Why social media should leave Loong Phol alone
The Japanese say everyone has three faces. The first is put on for the world, the one you wear while in office, at party, on public transport, at lunch with clients or on political rally stages. The second is for friends and family. The third, the truest, is never shown to anyone but yourself.
Obviously, the first is the most dishonest one. Currently, YouTube, Instagram, Twitter, LINE, Facebook and etc have added to the category, and the Japanese wisdom as a whole.
That is why it is potentially dangerous for a legal suspect to be turned into some kind of online celebrity while his or her case is still pending. It is true that when evidence is questionable and injustice looms, social media can lend a helping hand, but it is also true that their involvement can work both ways.
In the case of Chaiyaphol Wipa, better known as “Loong (Uncle) Phol”, the suspect in the death of a three-year-old girl in Mukdahan, everything that can go wrong has gone wrong as far as the social media are concerned. Before the 44-year-old man was formally charged and put into police custody days ago, he and his wife became singers and their well-produced music videos recorded millions of views on YouTube. “Fan Club” members hounded the couple. “Admins” of online accounts, big and small, live around his house in resort-style huts that sprouted up like mushrooms in the area.
It cannot be said that Loong Phol and his wife did not enjoy the spotlight. Their fan club either descended on the neighborhood in tour buses or sent them gifts or food. “I went to his house with a truckload of fruits and they sold out in one day,” a vendor from another area described the frenzy at his place. She decided to stay put and join other “campers”. The man’s dog, Nicky, had to be called “Khun (Mr) Nicky”.
Loong Phol-related donations drew large amounts of cash. Monks and superstitious construction disguised as religious undertaking were involved. The campers played politics against one another and a few squabbles could be traced to influential members of his fan club. Those leaving, or wanting to leave, or crossing the powerful ones closest to him were labelled “traitors”.
Variety entertainment programmes picked Loong Phol content up, including information for or against his case. From an unknown man, he became someone whose pictures of any kind brought about thousands of “Likes”. High-profile people commented publicly on whether they believed his story or not.
The craze is dying down, particularly after Loong Phol was charged in connection with the death of “Nong Chompoo”. The tide is turning regarding social media comments. Those who have frowned upon the recent Loong Phol mania are having their days although he remains innocent until proven otherwise in the court of law.
The original case was simple enough. NongChompoo disappeared on May 11 last year. Three days later, her body was found naked, up on a hill several kilometres from her house. Loong Phol, her uncle-in-law, became a suspect but somehow, due in no small part to his interviews, her parents were viewed with suspicion, too. The two families were torn apart although Loong Phol is married to her mother’s sister.
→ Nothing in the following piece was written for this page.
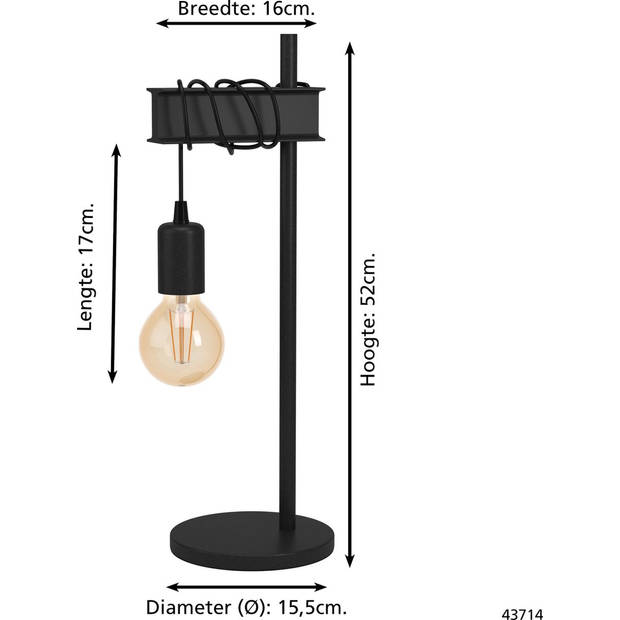 EGLO Townshend 6 Tafellamp - E27 - 51,5 cm - Zwart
Simple it was, but not any more. Some fan club members have retreated, but a considerable number of others are drumming up a police conspiracy. Politics at the national level is lurking. The police chief has stuck his neck out, virtually putting pressure on authoritative Loong Phol accusers who have to be proven right.
Are social media helping an innocent man, or disrupting a justice process and thus denying NongChompoo what the girl truly deserved? If it’s the latter, it’s such a big shame. If it’s the former, it’s not supposed to be like this.